→ **WORK ITEM**
Please reproduce all of the data exactly as it appears, but skip the pictures.

→ **SUPPLIED INFORMATION**
· · · · · · ·

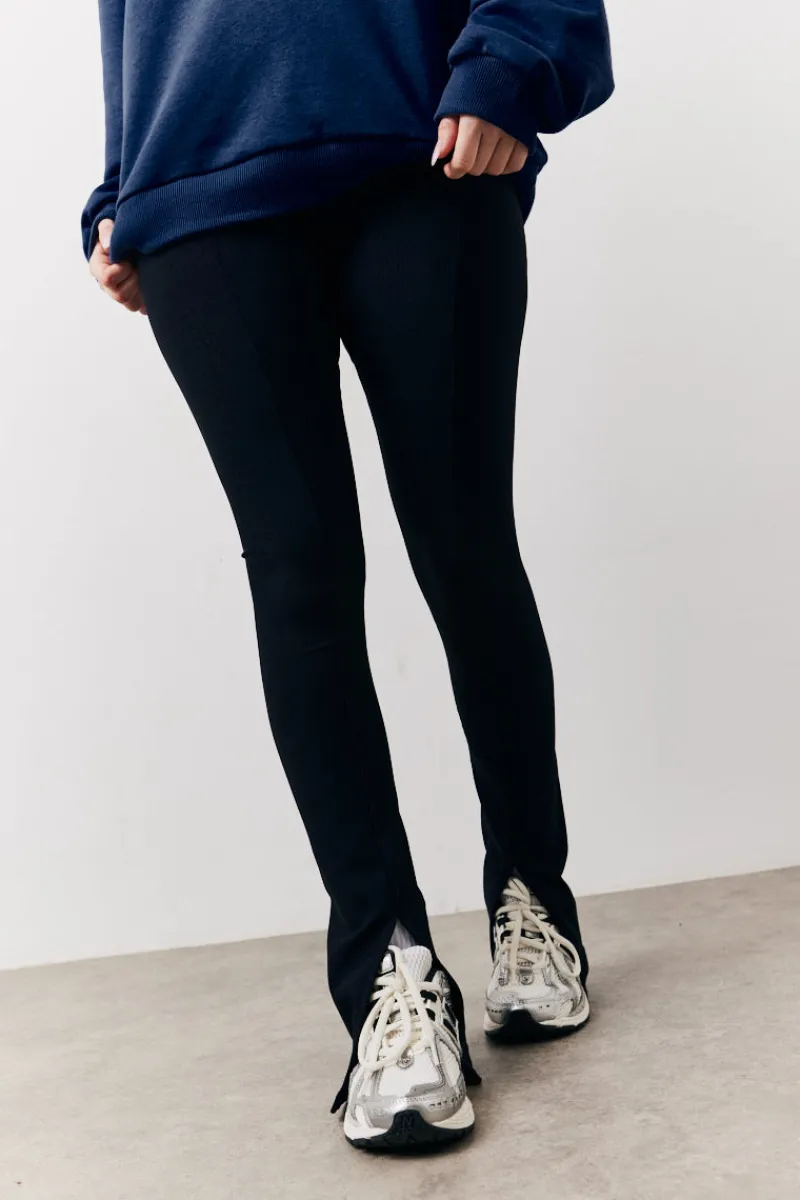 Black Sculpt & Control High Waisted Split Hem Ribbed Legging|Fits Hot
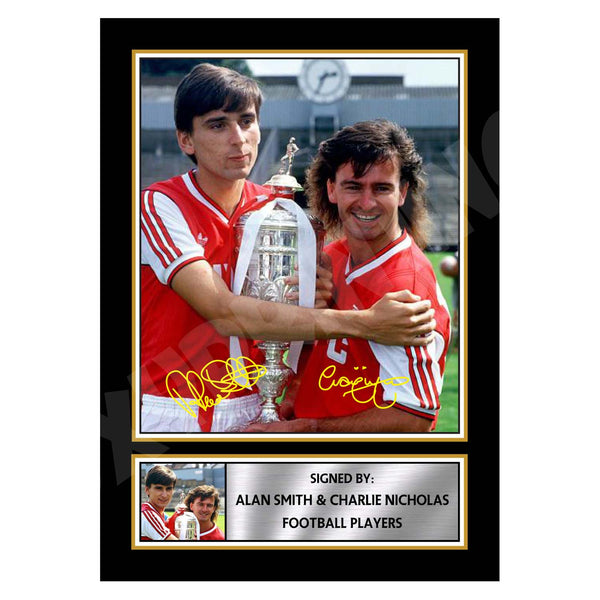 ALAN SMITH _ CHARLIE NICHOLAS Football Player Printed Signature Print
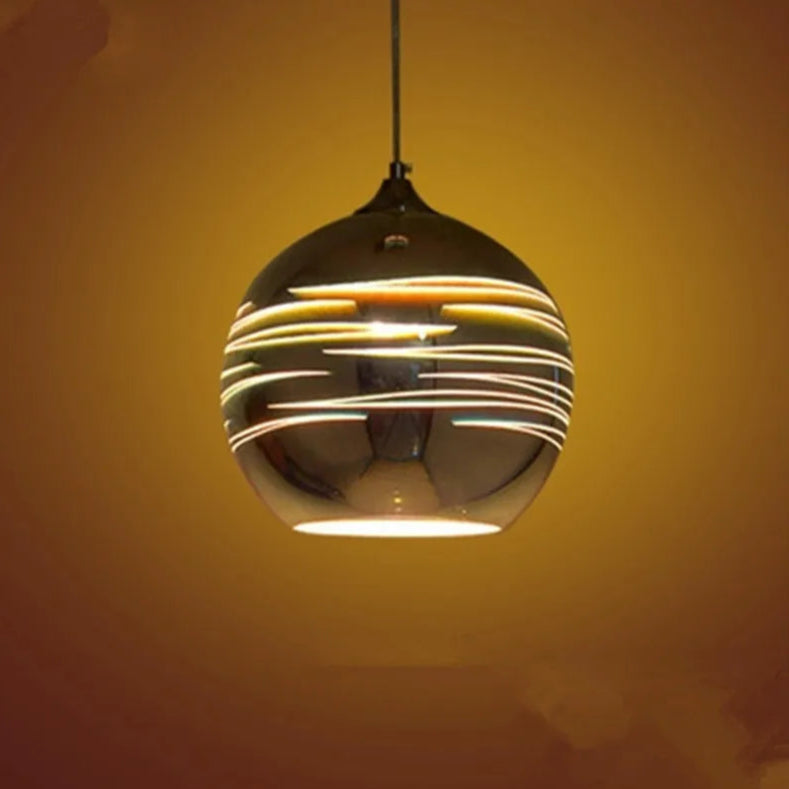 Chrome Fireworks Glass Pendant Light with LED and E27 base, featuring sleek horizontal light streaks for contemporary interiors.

· · · · · · ·

→ **ANSWER**
 Black Sculpt & Control High Waisted Split Hem Ribbed Legging|Fits Hot
 ALAN SMITH _ CHARLIE NICHOLAS Football Player Printed Signature Print
 Chrome Fireworks Glass Pendant Light with LED and E27 base, featuring sleek horizontal light streaks for contemporary interiors.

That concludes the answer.